At startup time the SmartExecutor discover the available plugins (using java.util.ServiceLoader). For each discovered plugin the SmartExecutor gather some mandatory information (e.g. version, name) and asks to the plugin to discover the capabilities of the machine. The discovered capabilities can be used by clients to select one instance instead of another (e.g. available python version, available R version, a certain hardware capability). The machine capabilities are plugin dependend so that is responsibility of the plugin to discover them.

The SmartExecutor publish the mandatory information and the discovered capabilities on IS using a ServiceEndpoint with Category: VREManagement and Name: SmartExecutor.

The SmartExecutor Client search for this service endpoints to retrieve available SmartExecutor instances running a certain plugin.

Client

The SmartExecutor service provides a client library to simplify the following procedures:

  • discover service instances that can execute the target task. This requires interaction with the Information System.
  • launch the execution of the task with one the discovered instances.
  • monitor the execution of the running task.

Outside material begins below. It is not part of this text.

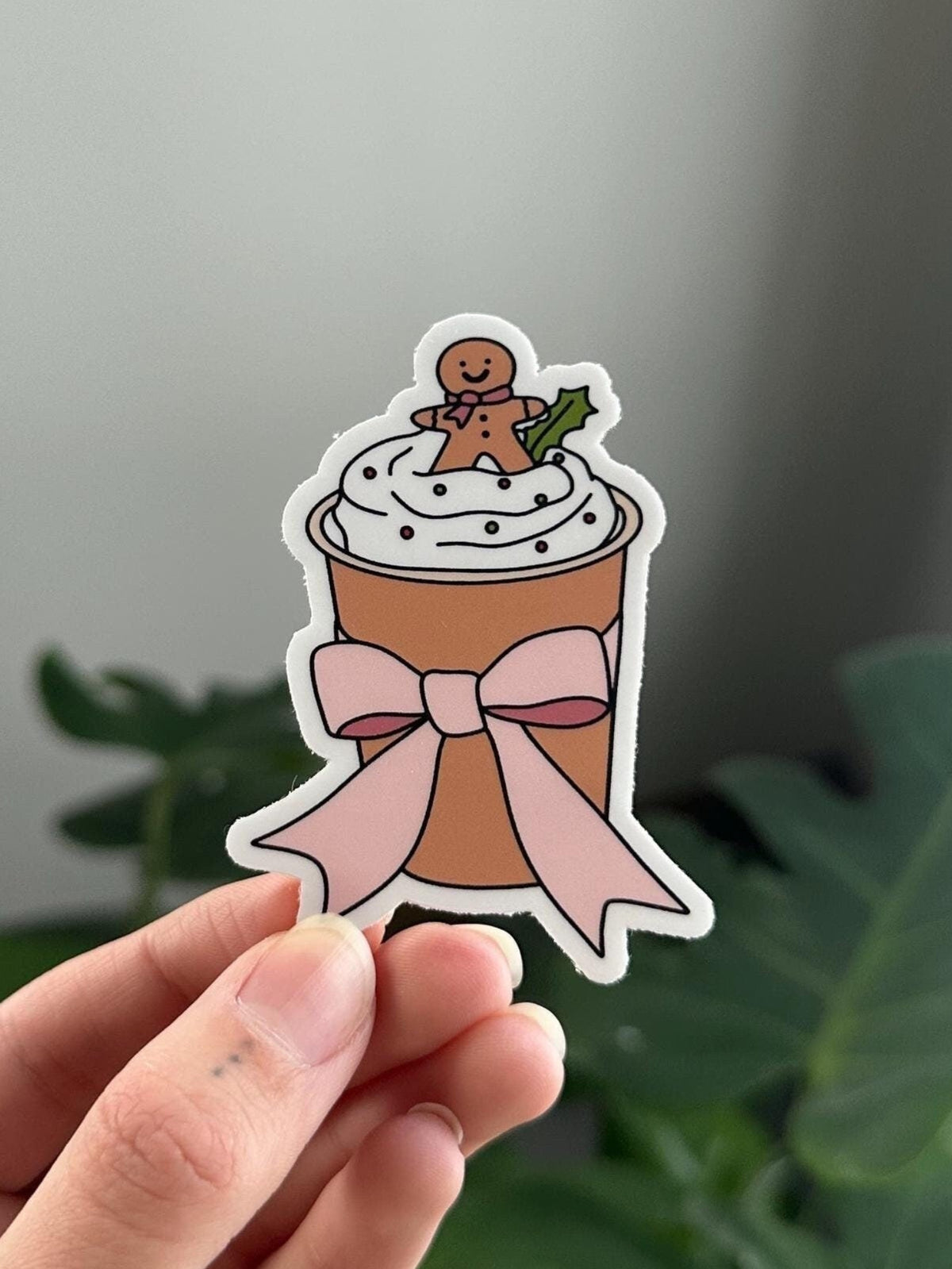 Gingerbread Holiday Drink Sticker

In order to use the SmartExecutor client library, you have to declare this dependency in your pom.xml file

<dependency>
	<groupId>org.gcube.vremanagement</groupId>
	<artifactId>smart-executor-client</artifactId>
</dependency>

You can now instanciate the SmartExecutorProxy object that will allow you to perform the operations cited above:

// instanciate the proxy (you need the plugin name)
SmartExecutorProxy proxy = ExecutorPlugin.getExecutorProxy(YourSmartExecutorPlugin.NAME).build();
 
// launch the plugin passing the inputs it needs
Map<String, Object> inputs = new HashMap<String, Object>();
 
...
 
// set the parameters (give the inputs, the scheduling options and so on)
LaunchParameter parameter = new LaunchParameter(YourSmartExecutorPlugin.NAME, inputs);
parameter.setScheduling(...);
 
// launch (for example one shot)
String uuidPluginLaunched = proxy.launch(parameter);
 
// after a while you can check the status of the launch, for example
PluginState state = proxy.getState(uuidPluginLaunched);
 
switch(state){
 case CREATED : ....;
 case DONE : ....;
 case FAILED : ....;
 case ... : ....;
 default : ....;
}

Instance Discovery

SmartExecutor Client provide some facilities to get the SmartExecutor service instances.

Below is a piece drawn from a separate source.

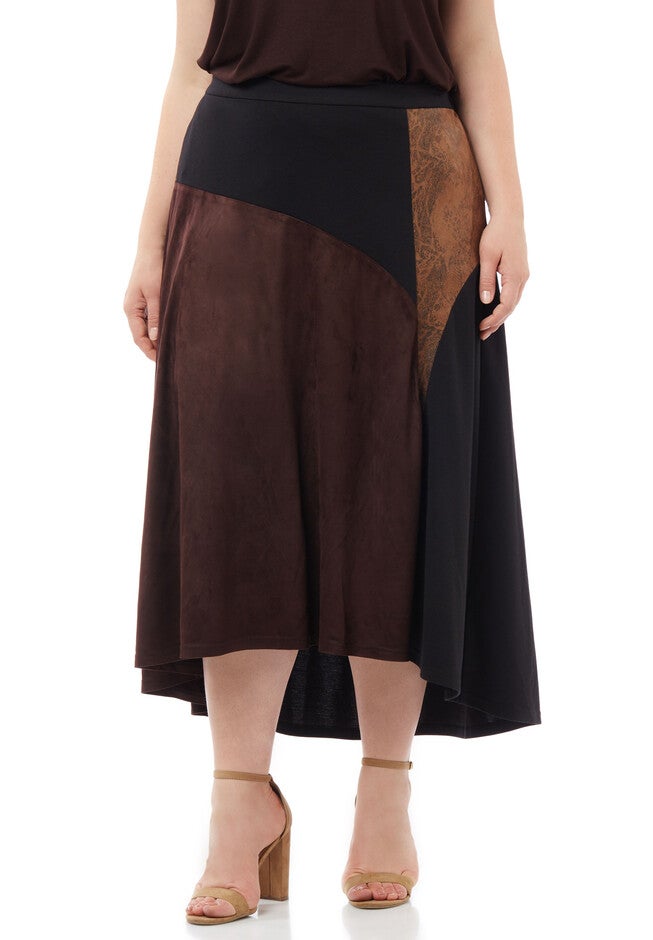 Black Label City Block Skirt, CHOCOLATE GANACHE, hi-res image number null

It allows to retrieve one of the the running SmartExecutor services filtering them in the following way:

  • By plugin name only (that's the case in the example shown above);
  • By plugin name AND one or more of the following filters:
    • KEY-VALUE list. Each KEY-VALUE must be found on the Service Endpoints.
    • XQuery conditions to filter the Service Endpoints. The conditions are added to the standard query performed.
    • List of endpoints to be selected within the available one.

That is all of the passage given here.